RECORDED INFORMATION
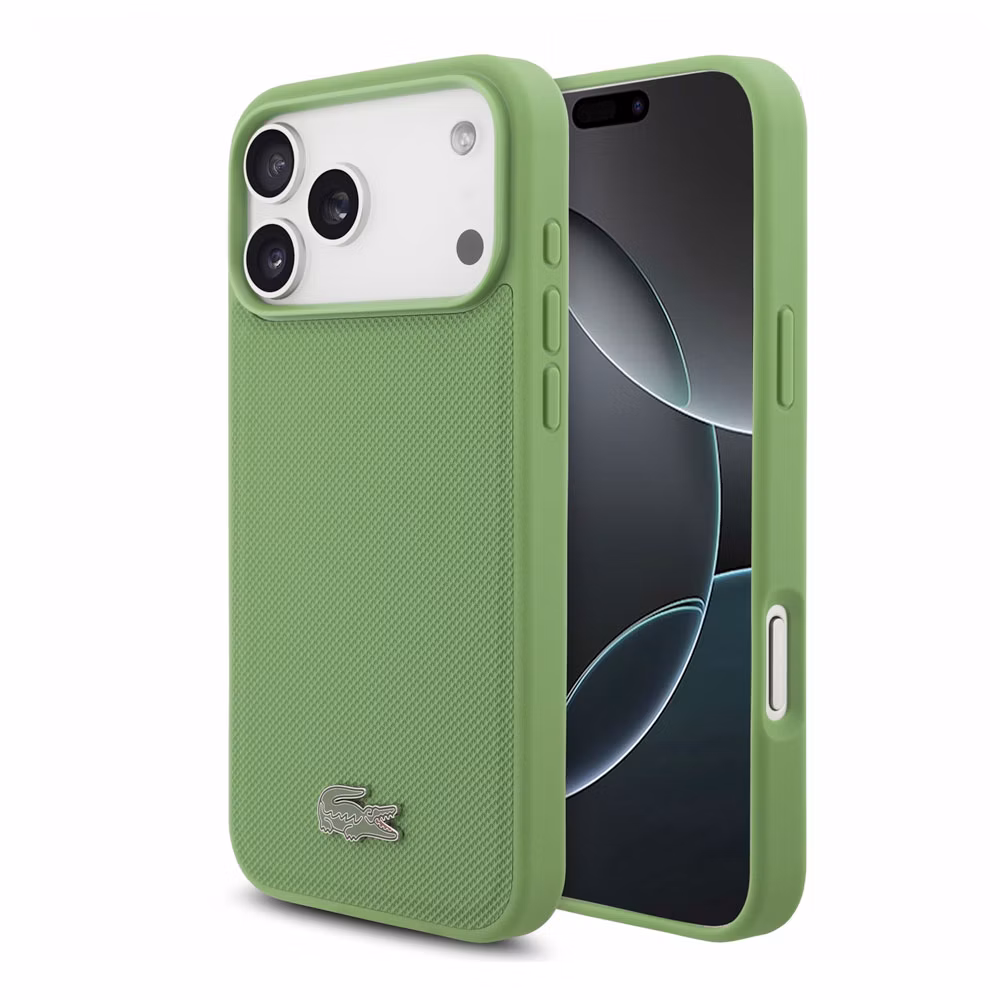 Lacoste PVC Iconic Petit Pique Metal Logo MagSafe kryt iPhone 18 Pro Max zelený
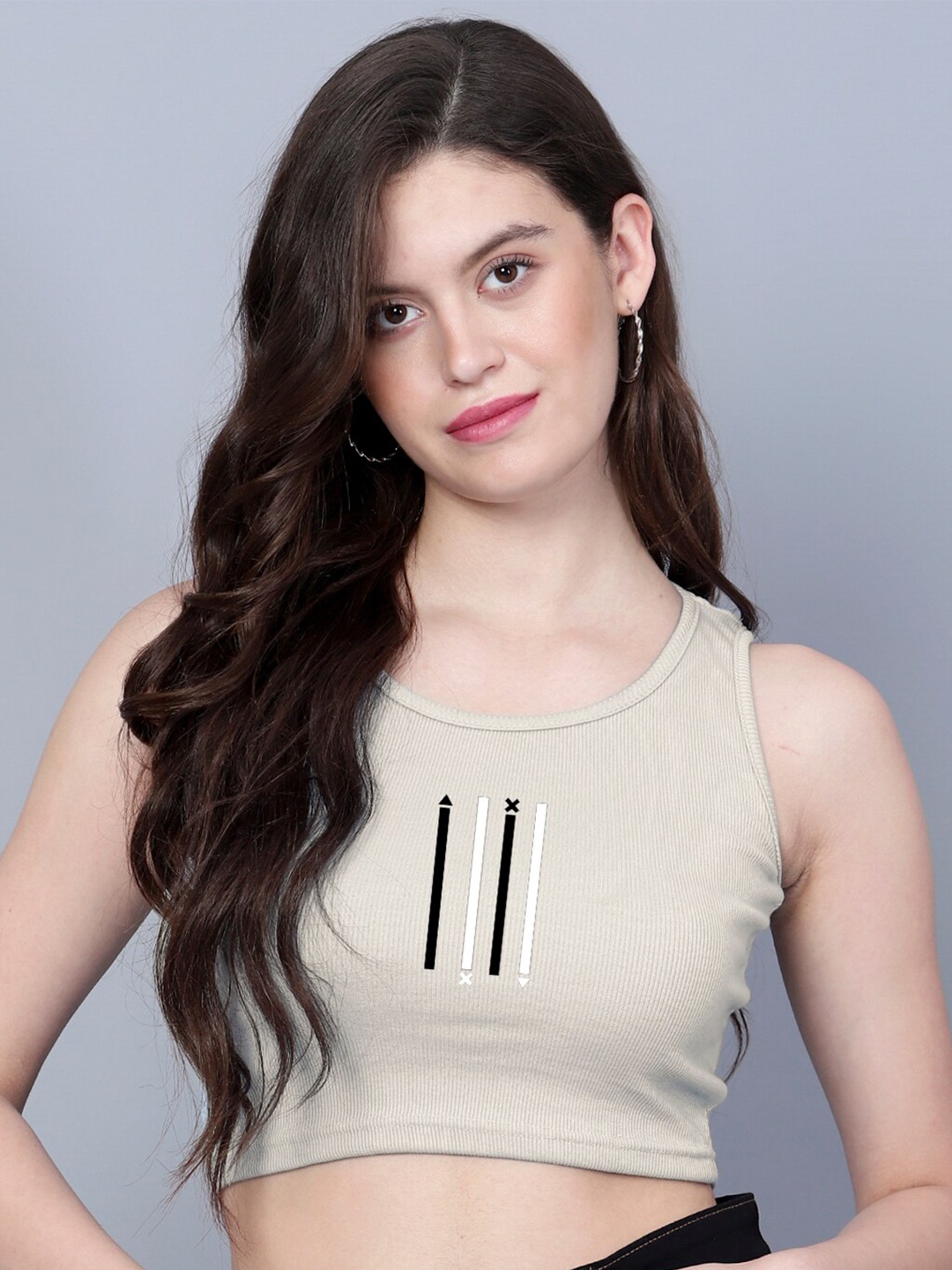 

Fashion And Youth Round Neck Sleeveless Crop Tank Top, Beige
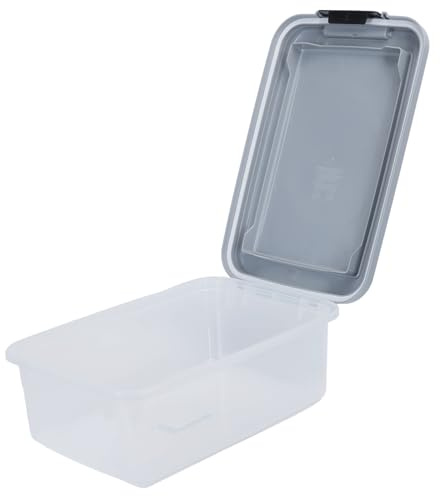 Nobleza Contenedor de Comida para Mascotas 10 L, Caja Hermética Transparente con Ruedas, Tapa Abatible y Pala para Alimento de Perros y Gatos, Gris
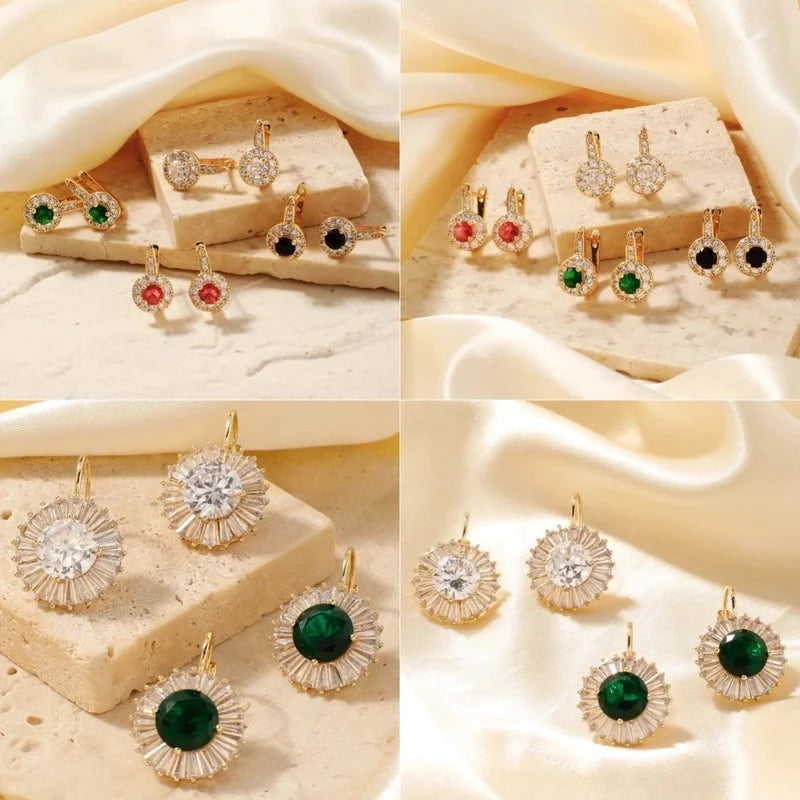 1 Pair Glam Shiny Korean Style Round Inlay Copper Zircon K Gold Plated Rhodium Plated Ear Clip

TASK BRIEF
The listing above should be transcribed word for word, with its pictures left out.

RESULT FOR THIS TASK
 Lacoste PVC Iconic Petit Pique Metal Logo MagSafe kryt iPhone 18 Pro Max zelený

Fashion And Youth Round Neck Sleeveless Crop Tank Top, Beige
 Nobleza Contenedor de Comida para Mascotas 10 L, Caja Hermética Transparente con Ruedas, Tapa Abatible y Pala para Alimento de Perros y Gatos, Gris
 1 Pair Glam Shiny Korean Style Round Inlay Copper Zircon K Gold Plated Rhodium Plated Ear Clip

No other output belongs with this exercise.